When World Wrestling Entertainment announced that its flagship show, Raw, would be extended to three hours, fans replied with a collective groan. After all, World Championship Wrestling had tried something similar in 1997 that was, almost immediately, considered a failure.
Take into consideration the lackluster creative direction of the company, and there was definitely reason for concern.
A full month into the experiment, however, and it is easy to see that the increased hour has made for a better show.
The most obvious problem with the two-hour format of Raw was the lack of attention paid to any WWE Superstar outside of the main event picture. Since expanding the show, the best midcard talent has seen increased exposure via lengthy tag team and singles matches, while those in the undercard are finally enjoying storylines that will earn them the spotlight they previously didn't get.
For how many weeks did fans beg for Brodus Clay to be given a rivalry rather than endure the same formulaic squash matches every week? How many fans feared that Damien Sandow's character would become stale before he was actually allowed to do something outside of his normal shtick every week?

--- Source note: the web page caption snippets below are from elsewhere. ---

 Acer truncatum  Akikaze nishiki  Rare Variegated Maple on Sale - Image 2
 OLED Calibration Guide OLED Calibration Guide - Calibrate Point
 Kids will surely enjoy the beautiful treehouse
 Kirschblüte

Because Raw has more time to focus on other talents, Clay and Sandow have been programmed against each other in a feud that gives them both something to do in hopes of further getting them over with the audience.
Do you believe the three-hour format is hurting or helping Raw?

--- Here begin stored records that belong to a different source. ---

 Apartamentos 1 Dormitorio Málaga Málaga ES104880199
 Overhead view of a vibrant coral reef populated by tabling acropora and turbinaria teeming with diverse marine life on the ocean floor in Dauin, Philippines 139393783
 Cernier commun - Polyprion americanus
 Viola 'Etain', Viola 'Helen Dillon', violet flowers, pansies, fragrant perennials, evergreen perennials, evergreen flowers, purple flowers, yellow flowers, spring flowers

Ryback, Sin Cara, Cody Rhodes and Jinder Mahal have all been featured on Raw, when, in the past, they would have been saved for SmackDown, the company's B-show.

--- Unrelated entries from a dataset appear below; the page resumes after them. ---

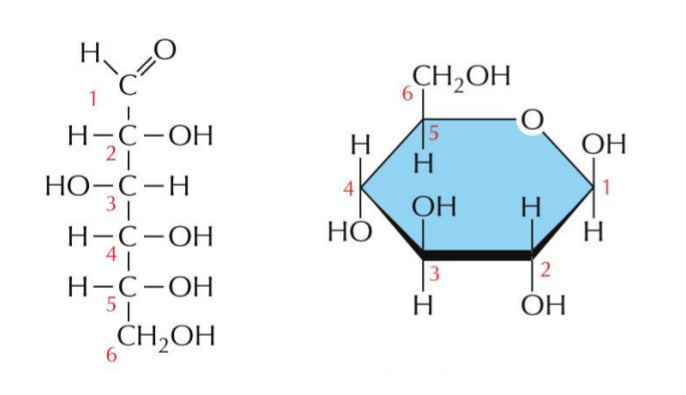 <ul><li><p>Sugars with 5 or more carbons form a closed ring structure.</p></li><li><p>Forms ring formation</p></li></ul><p></p>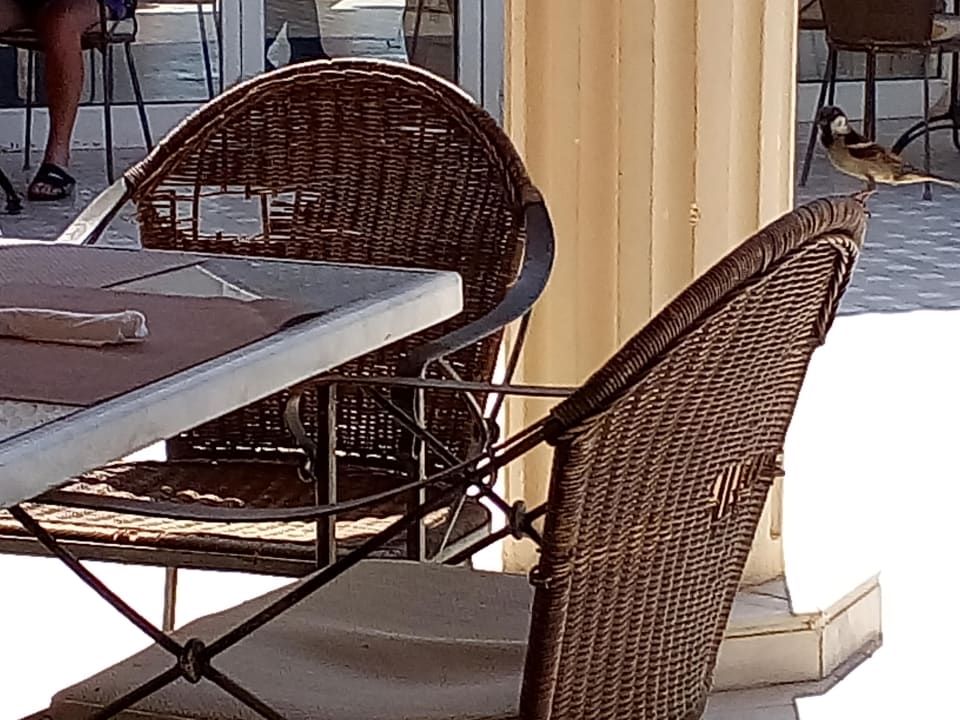 Gastro Grand Waterworld Makadi & Family Star Makadi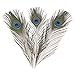 Featured Real Natural Peacock Feathers Bulk 10-12 inches (25-30cm) Great Decorations for Christmas Halloween Home Party Wedding Centerpieces (Natural 10pcs)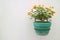 Yellow Orange Lantana Flowers in the Turquoise Planter Hanging on the White Wall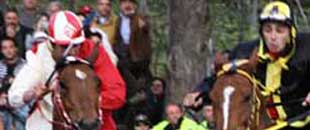 Palio di Sant'Anselmo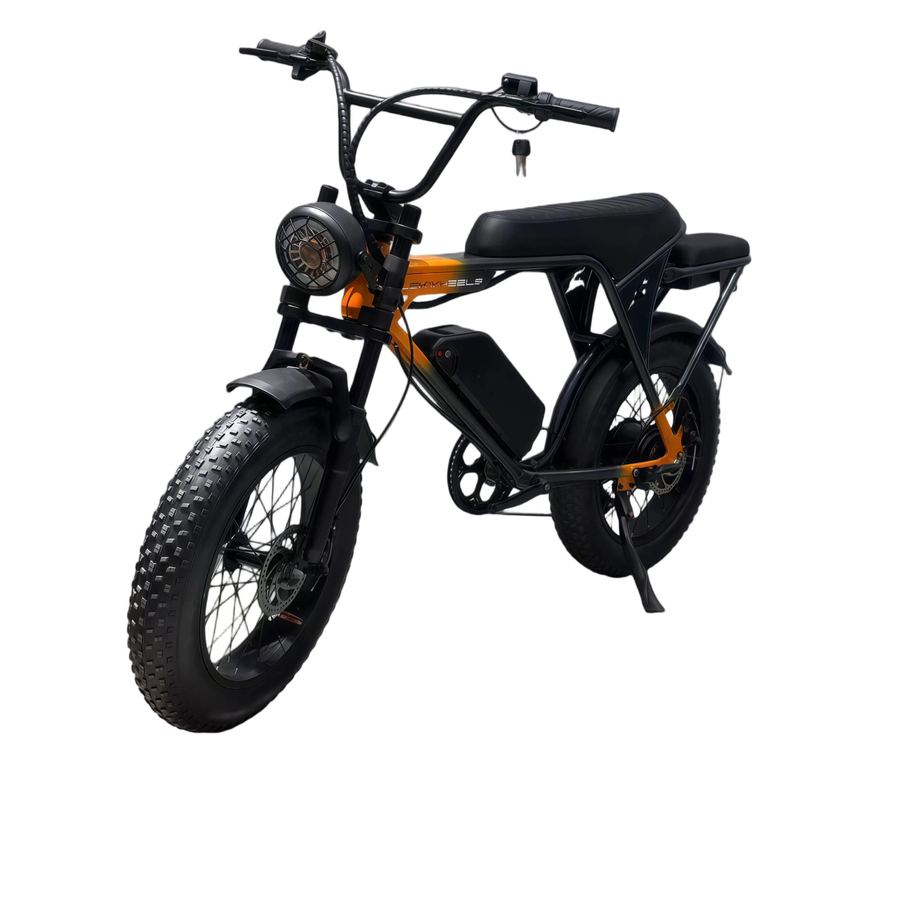 Z3 fat-tyre all-terrain e-bike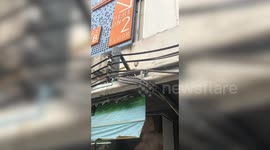 Cat Pokes Head Through Hole In Building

Is the focus still largely on the top stars? Absolutely.
They are the bread winners for the company, and it would be a major mistake to take the focus off of them. But the longer shows have made it possible for the company to fill its show with more young talent and give fans longer, higher-quality matches.
Are there downfalls to the three-hour format? Absolutely.
There are far too many video recaps. More commercials and advertisements create viewer boredom. As always, there is concern with oversaturation.
When a company has as many talented individuals as WWE has on its roster now, though, having a large enough platform, with enough time to showcase it, can absolutely never be a bad thing.
Could the three-hour format of Raw eventually come back to bite World Wrestling Entertainment? Bet on it. But in its first month of existence, it has done far more better than worse for the show.